A Sort of Late-Night Quickie

Well, it’s not an actual quickie, but more related to the other thing you do in bed: sleep. Get your mind out of the gutter.

This is a recycled dream because I’ve slept maybe four hours out of the last two days, so I haven’t had any time to dream. But, this one’s good, so don’t be disappointed or anything.

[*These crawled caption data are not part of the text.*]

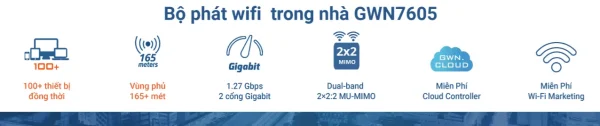 BỘ PHÁT WIFI GRANDSTREAM GWN7605 ỐP TRẦN - Hình ảnh 3
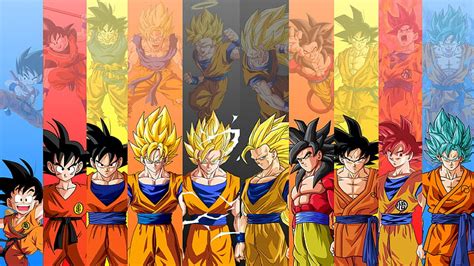 All Forms Of Goku Dragon Ball Super Saiyan Super Saiyan 3 Hd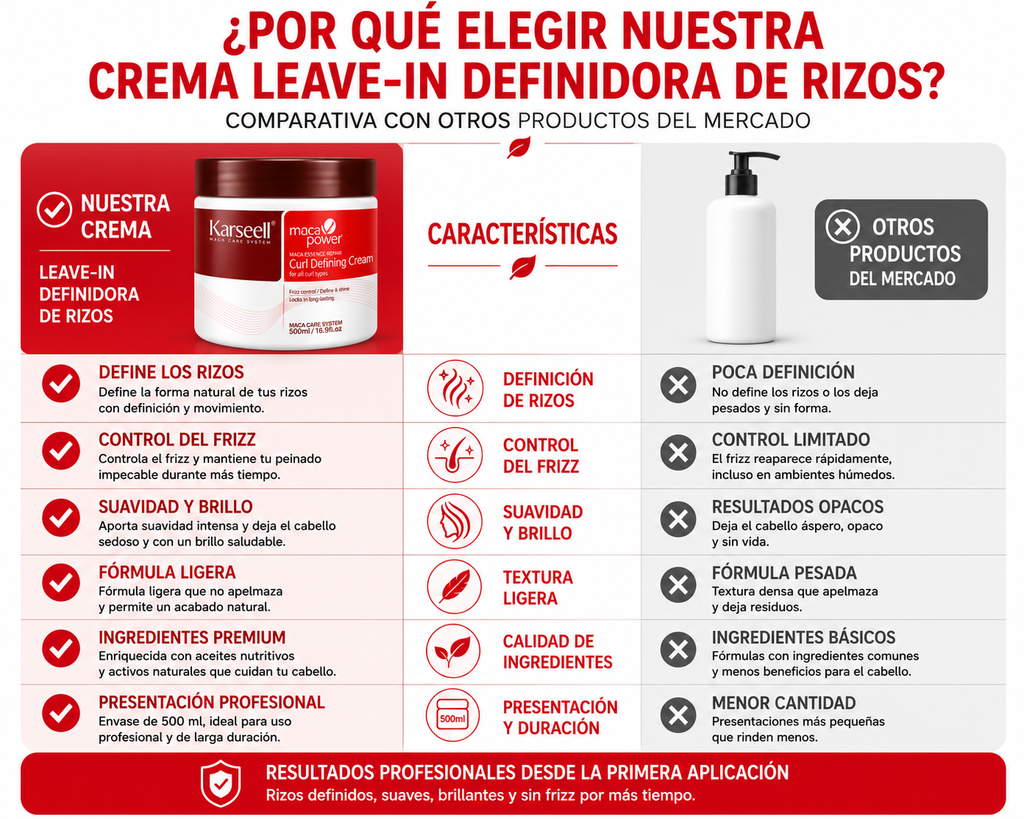 KARSEELL Crema Definidora de Rizos, Hidratante, Fijación Flexible 500 ml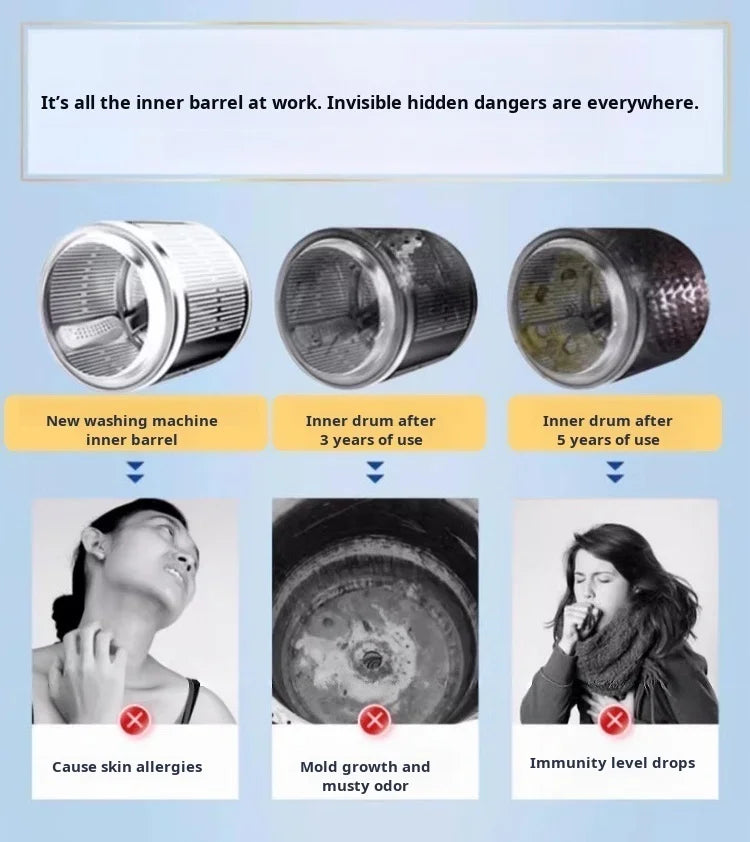 Washing Machine Cleaner Effervescent Tablets Deep Cleaning Washer Stains Detergent Laundry Tub Safe Deodorizer Household Tools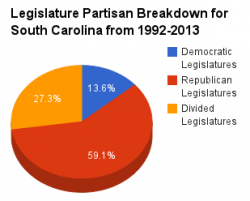 South Carolina legislature pie chart 1992-2013.png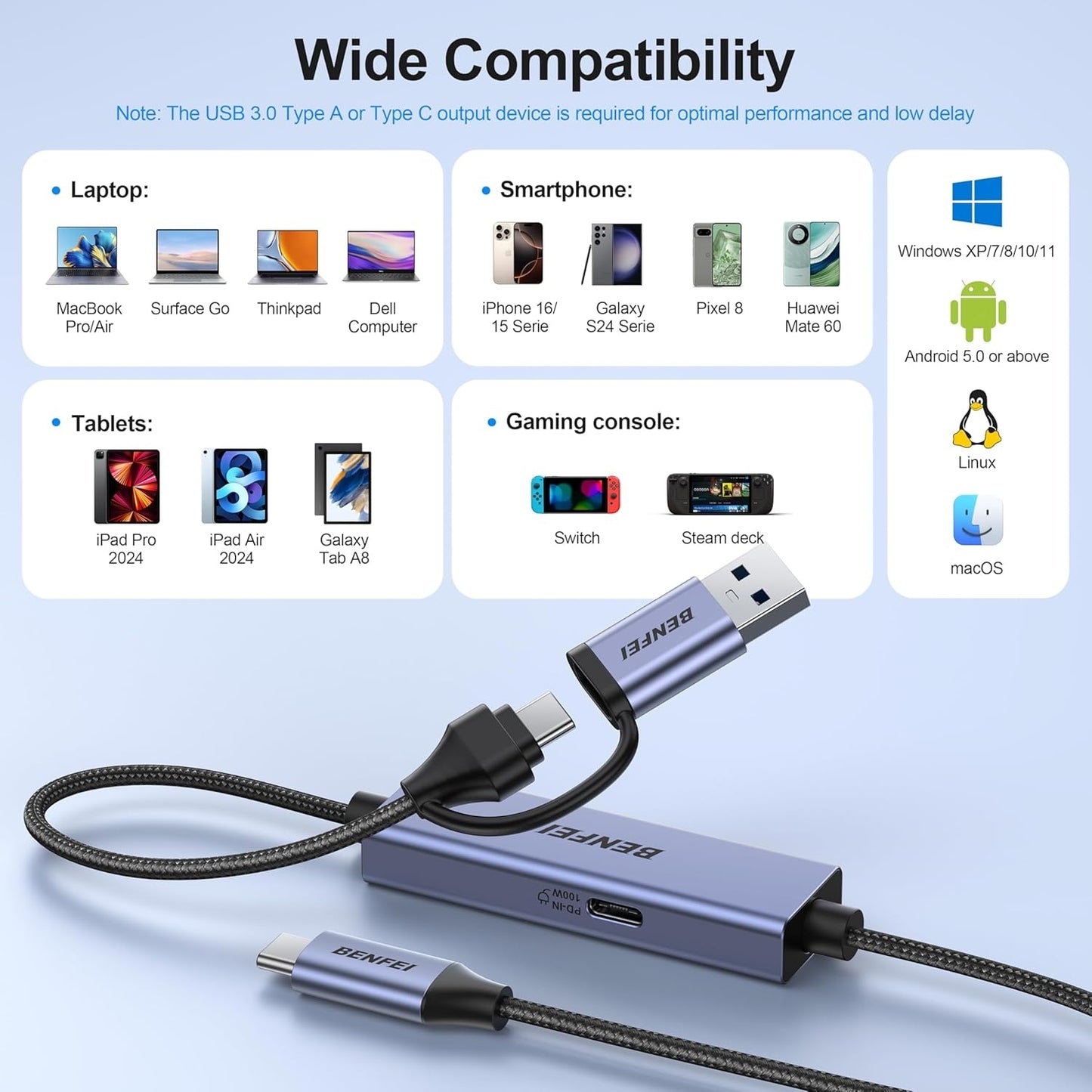 USB adapter with compatibility chart for laptops, smartphones, tablets, and gaming consoles on a light blue background.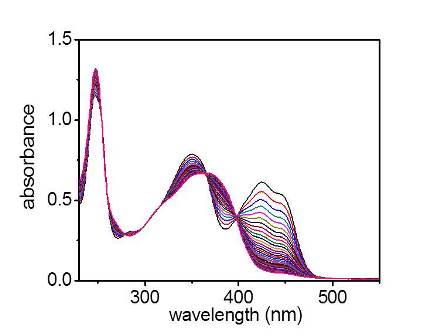 photochromic switching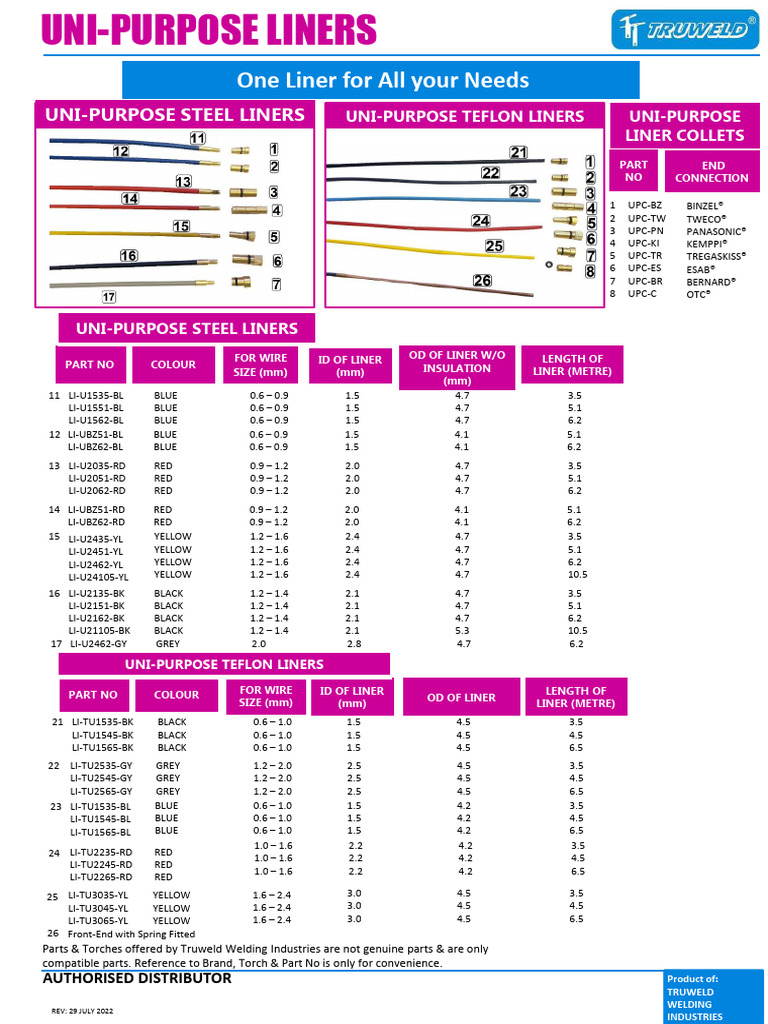 70.UniPurpose Liners.290722 PDF Mechanical Engineering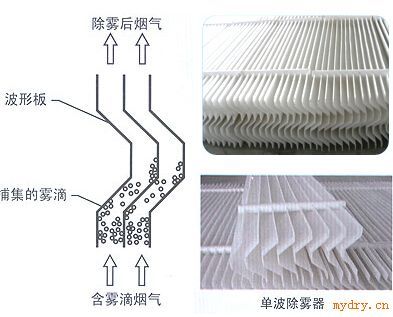 SN-ZW型高效波形板除雾器系列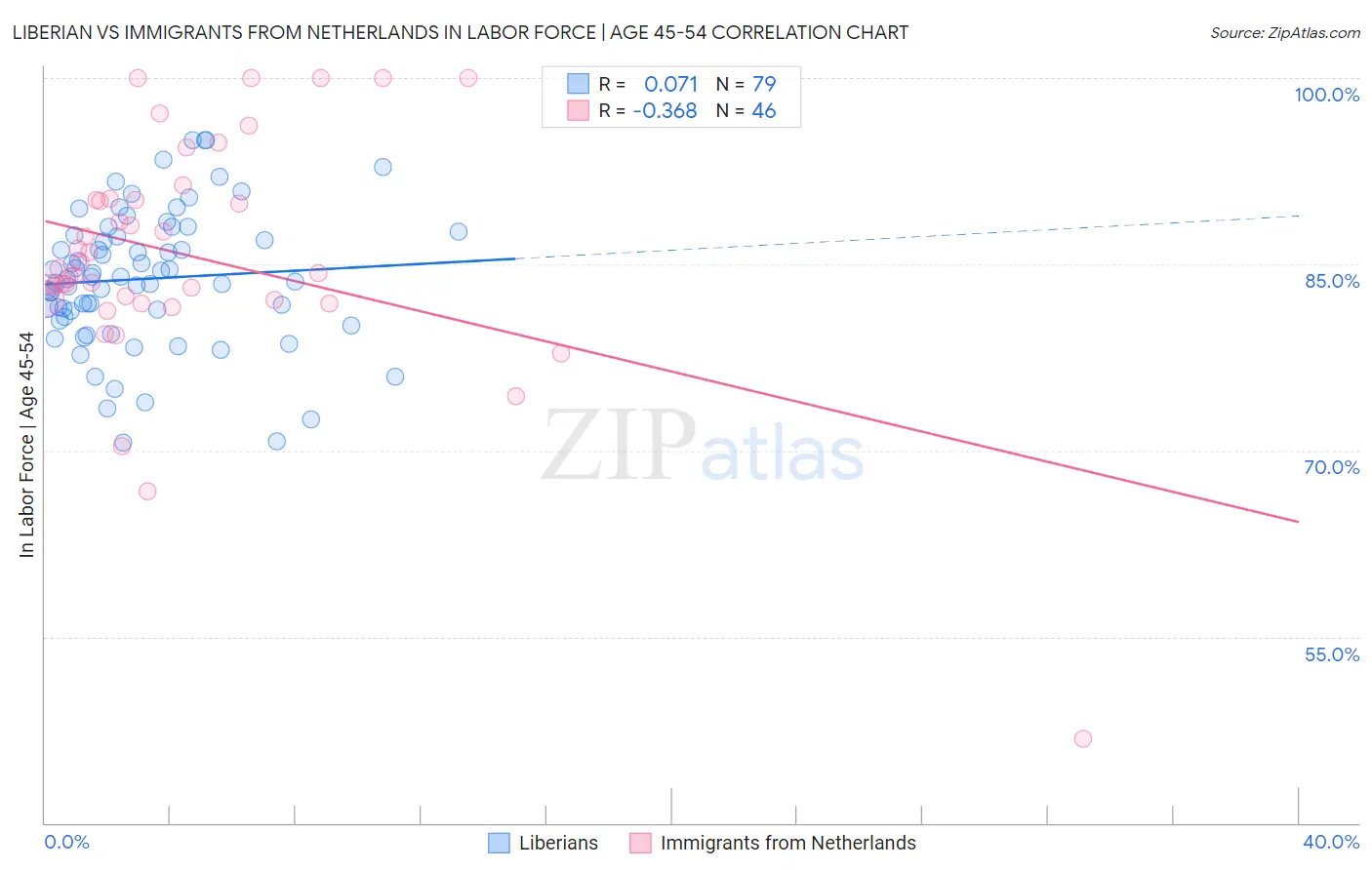 Liberian vs Immigrants from Netherlands In Labor Force | Age 45-54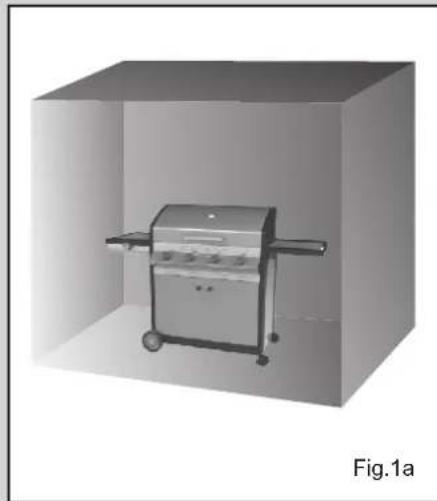 CADAC Meridian 4B - Het apparaat gebruiken - 1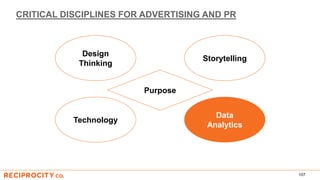 CRITICAL DISCIPLINES FOR ADVERTISING AND PR
107
Purpose
Data
Analytics
Technology
Storytelling
Design
Thinking
 
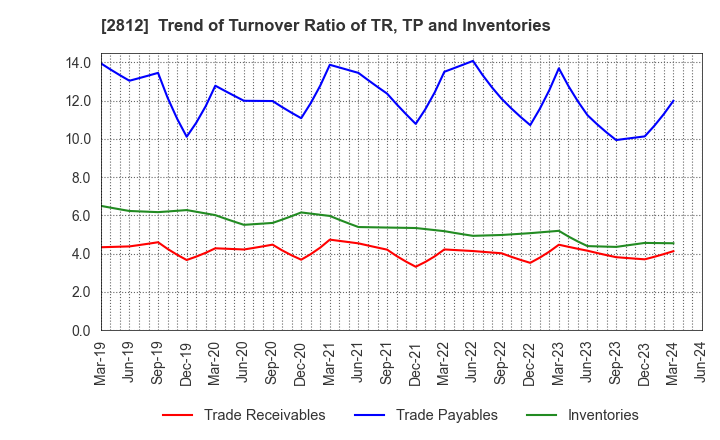 2812 YAIZU SUISANKAGAKU INDUSTRY CO.,LTD.: Trend of Turnover Ratio of TR, TP and Inventories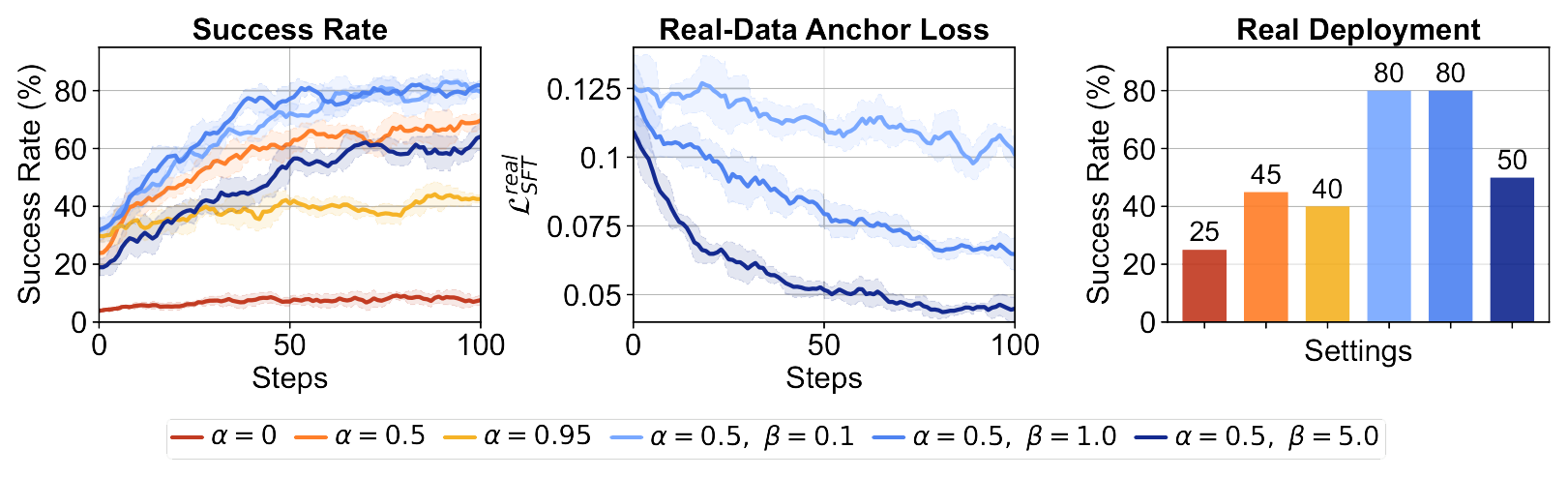 Assembly #2 ablation of co-training ratio and real-data anchor weight, showing simulation success, anchor loss, and real-world deployment success.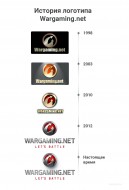 Изменения логотипа Wargaming за 20 лет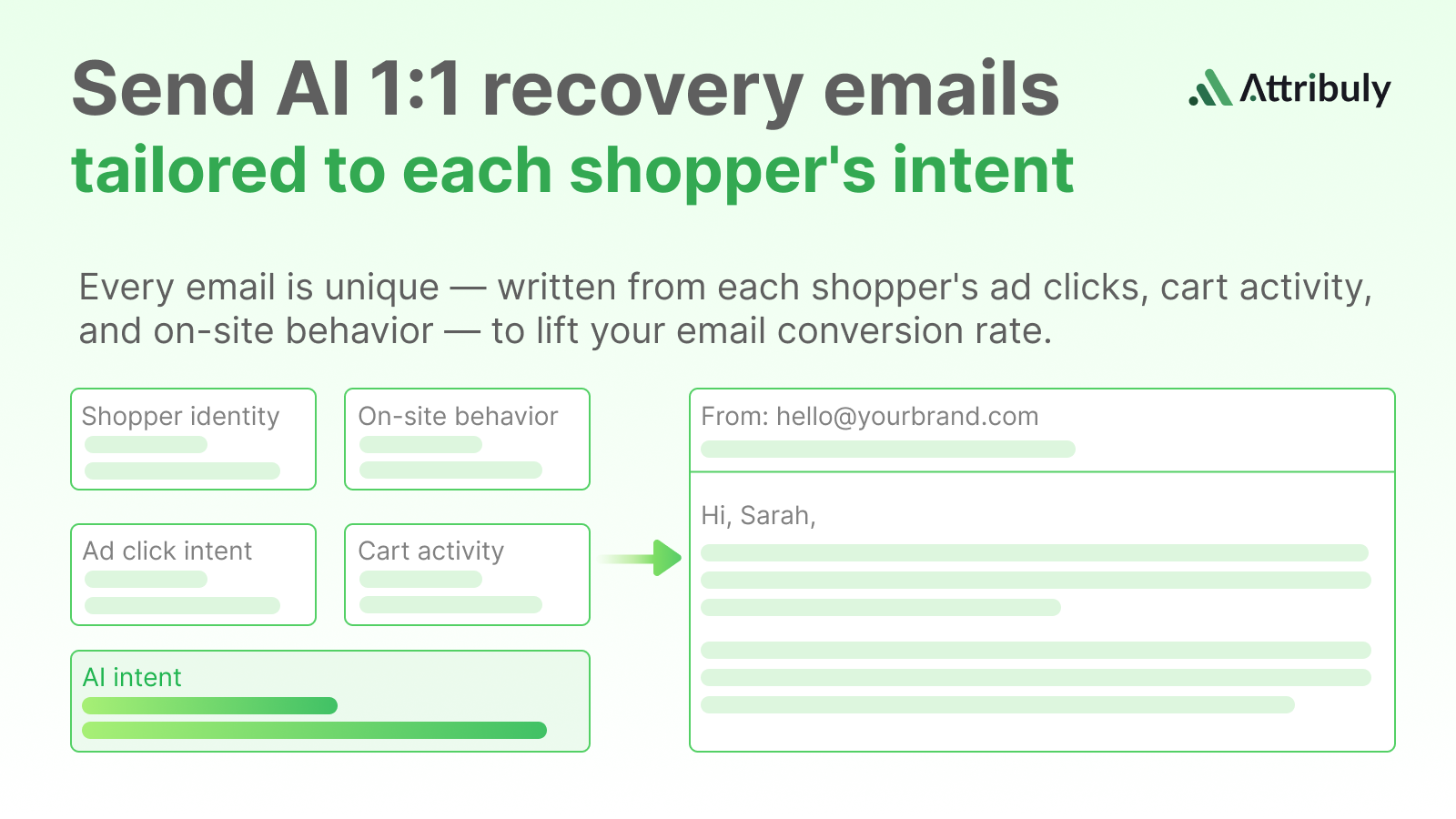 How AI Email Recovery Works for Shopify Abandoned Carts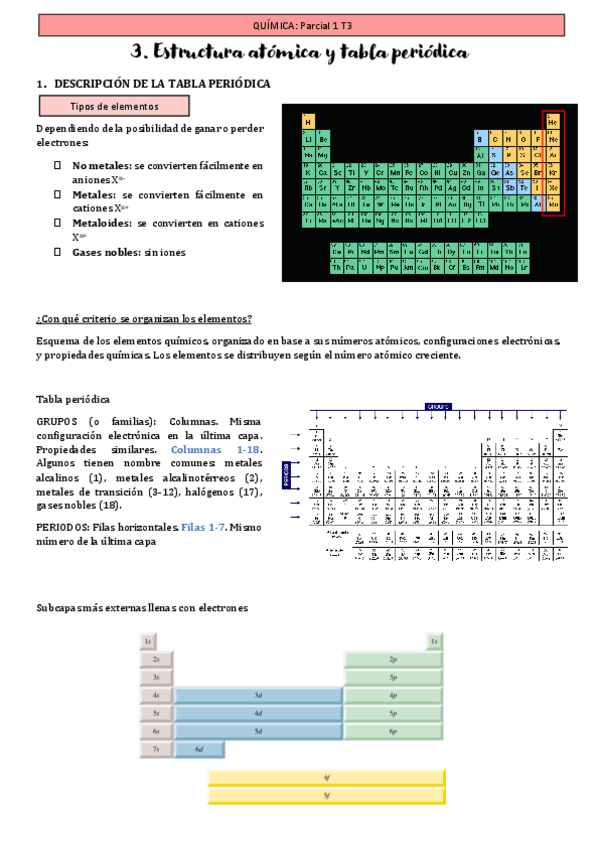 Apuntes-T3-quimica-Estructura-atomica-y-tabla-periodica-1o-farmacia-1C.pdf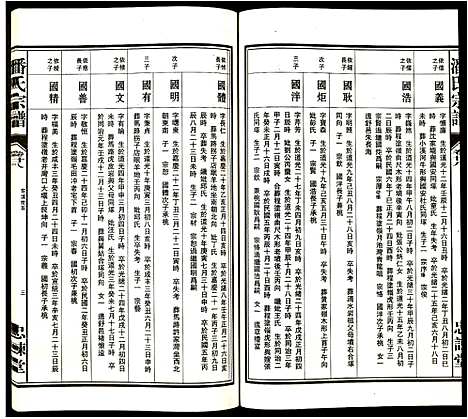 [潘]潘氏宗谱 (安徽) 潘氏家谱_一.pdf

I had tickets to the Muse concert a few weeks back, but they got stuck up in the mountains because of some snow, so it got postponed until October.* The night before, however, I dreamt that I was on my way to the concert having already driven two hours (on a highway that mysteriously looked like the one you use to get to Disneyland in California. Not that I’ve driven that one a lot. Nope, not at all. *whistles* Pavlov’s dog? Get lost.) when I realized I had forgotten my ticket. I drove back, only to wind up in an Intergalactic fight between some Jedi and Stormtroopers. (I know Jedi and Stormtroopers have to be capitalized, but I thought Intergalactic needed it too. What? I’m German.)

After reluctantly picking up a light-saber, I murmured, “This better be quick,” and started chopping off limbs. Let’s hope I used my best Harrison Ford* voice, eh? The highway had been transformed into a cavern-looking place like the Grand Canyon, but still retained the white dashes of the highway. I never actually got to the concert, so the dream was rather prophetic, no?

* What happens when you put October and Harrison Ford together? That’s right: LADY HAN SOLO, STEAMPUNK STYLE. This is my Halloween costume this year. I’ll post pictures, or else it won’t happen.